:: Task prompt ::
Please repeat the records exactly from their first line, finishing at the line containing "Gros plan de" and including it.

:: Extracted records ::

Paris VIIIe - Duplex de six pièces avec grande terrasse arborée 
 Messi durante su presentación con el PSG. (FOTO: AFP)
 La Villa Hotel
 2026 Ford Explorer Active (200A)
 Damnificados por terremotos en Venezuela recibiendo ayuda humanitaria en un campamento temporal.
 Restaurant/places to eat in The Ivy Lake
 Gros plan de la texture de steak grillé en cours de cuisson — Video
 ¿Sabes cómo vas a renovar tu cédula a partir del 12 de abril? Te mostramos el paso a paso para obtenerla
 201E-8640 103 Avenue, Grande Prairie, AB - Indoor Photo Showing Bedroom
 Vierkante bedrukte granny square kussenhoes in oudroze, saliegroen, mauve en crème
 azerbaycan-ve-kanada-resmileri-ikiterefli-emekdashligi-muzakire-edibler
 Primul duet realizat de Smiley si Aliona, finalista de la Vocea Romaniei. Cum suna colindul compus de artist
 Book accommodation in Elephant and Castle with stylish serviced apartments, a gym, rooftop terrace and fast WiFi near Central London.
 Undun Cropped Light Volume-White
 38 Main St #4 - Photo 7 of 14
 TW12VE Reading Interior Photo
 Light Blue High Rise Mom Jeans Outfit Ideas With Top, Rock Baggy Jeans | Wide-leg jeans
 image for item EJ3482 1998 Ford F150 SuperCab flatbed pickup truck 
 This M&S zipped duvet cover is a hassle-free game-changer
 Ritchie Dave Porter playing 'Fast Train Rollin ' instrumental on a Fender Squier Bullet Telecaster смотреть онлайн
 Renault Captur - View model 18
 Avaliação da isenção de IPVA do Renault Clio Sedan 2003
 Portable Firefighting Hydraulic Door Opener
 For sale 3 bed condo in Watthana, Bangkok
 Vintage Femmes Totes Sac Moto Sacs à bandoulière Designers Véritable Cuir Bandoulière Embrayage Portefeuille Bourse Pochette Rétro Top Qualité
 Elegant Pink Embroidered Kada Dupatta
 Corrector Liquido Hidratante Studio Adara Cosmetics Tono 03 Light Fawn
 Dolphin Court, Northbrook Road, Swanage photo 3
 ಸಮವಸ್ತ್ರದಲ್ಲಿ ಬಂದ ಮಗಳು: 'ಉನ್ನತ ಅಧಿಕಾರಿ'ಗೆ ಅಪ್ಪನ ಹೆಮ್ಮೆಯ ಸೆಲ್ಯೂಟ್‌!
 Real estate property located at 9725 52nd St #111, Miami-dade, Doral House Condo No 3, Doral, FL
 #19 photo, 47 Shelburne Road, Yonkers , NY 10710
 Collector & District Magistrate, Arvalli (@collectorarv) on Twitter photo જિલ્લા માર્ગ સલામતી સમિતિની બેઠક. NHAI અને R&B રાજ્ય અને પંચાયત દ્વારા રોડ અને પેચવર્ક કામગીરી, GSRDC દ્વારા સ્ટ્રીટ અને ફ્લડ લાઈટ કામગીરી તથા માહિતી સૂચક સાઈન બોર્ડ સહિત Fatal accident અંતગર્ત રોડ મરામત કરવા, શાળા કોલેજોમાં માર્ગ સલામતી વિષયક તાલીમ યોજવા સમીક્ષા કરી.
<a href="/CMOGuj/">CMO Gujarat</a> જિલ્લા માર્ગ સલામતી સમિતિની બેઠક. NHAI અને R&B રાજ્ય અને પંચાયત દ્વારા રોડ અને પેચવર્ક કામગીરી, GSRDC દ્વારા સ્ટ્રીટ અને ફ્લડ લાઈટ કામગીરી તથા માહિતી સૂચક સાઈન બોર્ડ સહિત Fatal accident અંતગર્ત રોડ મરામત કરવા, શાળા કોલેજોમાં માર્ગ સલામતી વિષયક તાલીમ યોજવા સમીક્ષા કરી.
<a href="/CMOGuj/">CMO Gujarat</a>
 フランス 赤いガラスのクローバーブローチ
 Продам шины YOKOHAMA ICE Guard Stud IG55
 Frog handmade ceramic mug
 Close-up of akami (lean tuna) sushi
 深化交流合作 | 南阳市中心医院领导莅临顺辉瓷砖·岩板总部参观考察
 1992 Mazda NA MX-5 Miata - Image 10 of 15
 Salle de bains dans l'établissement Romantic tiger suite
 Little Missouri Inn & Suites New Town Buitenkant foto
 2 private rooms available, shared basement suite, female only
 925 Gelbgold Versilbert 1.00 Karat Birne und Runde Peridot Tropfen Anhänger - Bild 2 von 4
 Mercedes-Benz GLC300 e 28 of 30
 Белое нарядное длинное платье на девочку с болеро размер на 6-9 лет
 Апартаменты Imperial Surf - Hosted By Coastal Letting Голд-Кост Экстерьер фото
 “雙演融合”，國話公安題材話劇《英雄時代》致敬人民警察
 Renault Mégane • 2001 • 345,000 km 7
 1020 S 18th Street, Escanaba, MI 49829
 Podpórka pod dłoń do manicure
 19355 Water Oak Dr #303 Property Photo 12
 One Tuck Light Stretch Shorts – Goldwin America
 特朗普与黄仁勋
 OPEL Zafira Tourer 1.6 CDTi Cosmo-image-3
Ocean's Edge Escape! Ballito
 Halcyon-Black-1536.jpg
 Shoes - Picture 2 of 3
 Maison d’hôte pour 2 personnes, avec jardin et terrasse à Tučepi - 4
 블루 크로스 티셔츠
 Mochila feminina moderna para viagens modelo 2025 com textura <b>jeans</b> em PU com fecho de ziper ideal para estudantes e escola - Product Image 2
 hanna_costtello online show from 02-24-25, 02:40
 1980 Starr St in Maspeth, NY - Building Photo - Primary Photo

:: Exercise result ::
Paris VIIIe - Duplex de six pièces avec grande terrasse arborée 
 Messi durante su presentación con el PSG. (FOTO: AFP)
 La Villa Hotel
 2026 Ford Explorer Active (200A)
 Damnificados por terremotos en Venezuela recibiendo ayuda humanitaria en un campamento temporal.
 Restaurant/places to eat in The Ivy Lake
 Gros plan de la texture de steak grillé en cours de cuisson — Video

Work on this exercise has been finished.